(Task requirements) Where the line holding "Apartamento L'athlantis - Cosy" appears, start copying, and continue exactly through the last line of the listing, skipping pictures.

(Given data)
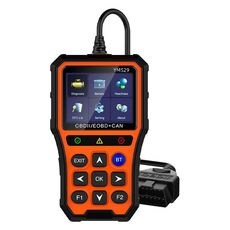 Strumento diagnostico di scansione dei guasti della batteria dell'auto OBD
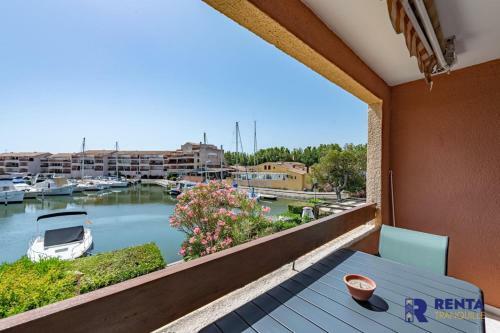 Apartamento L'athlantis - Cosy Avec Terrasse Et Parking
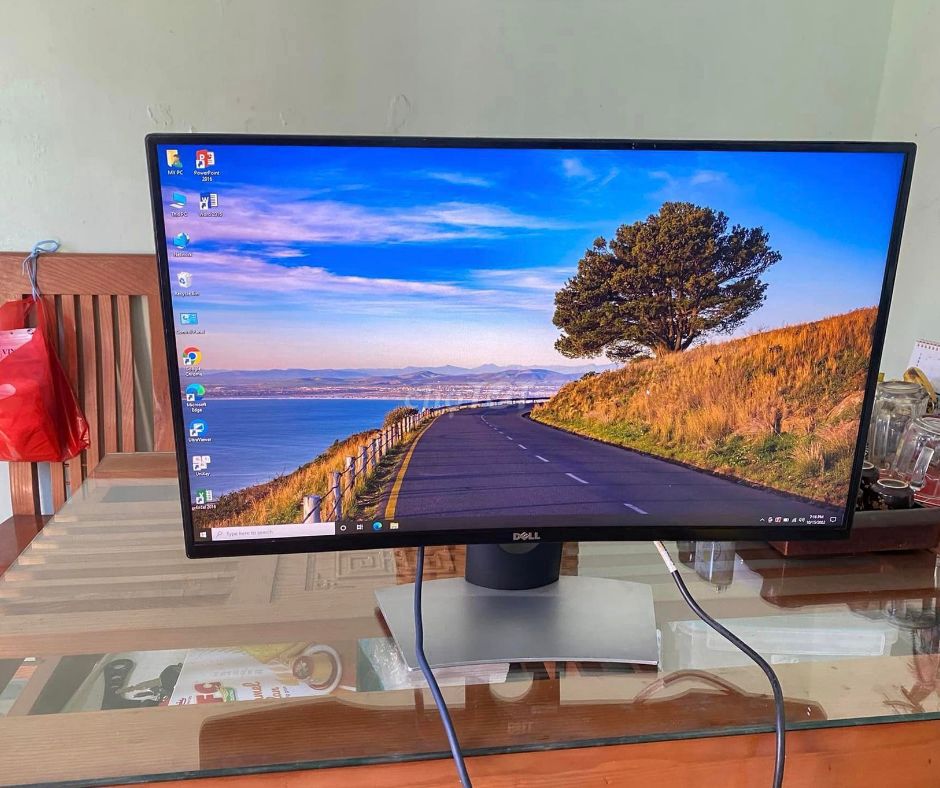 Dell 27 inch fullhd màn đẹp giá rẻ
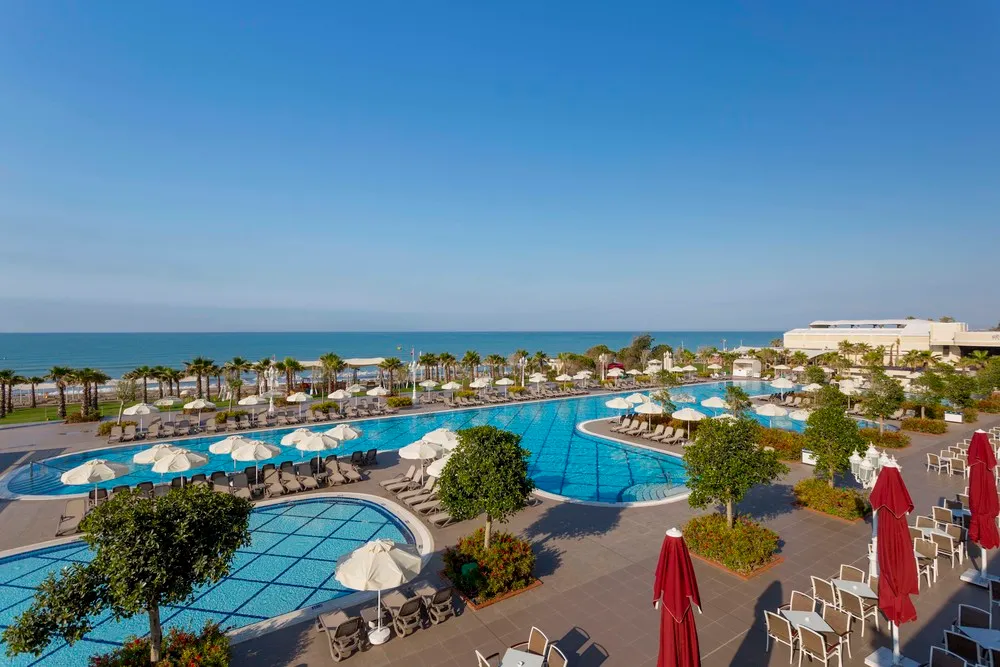 Gural Premier Belek фото 7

(Reply to the task)
 Apartamento L'athlantis - Cosy Avec Terrasse Et Parking
 Dell 27 inch fullhd màn đẹp giá rẻ
 Gural Premier Belek фото 7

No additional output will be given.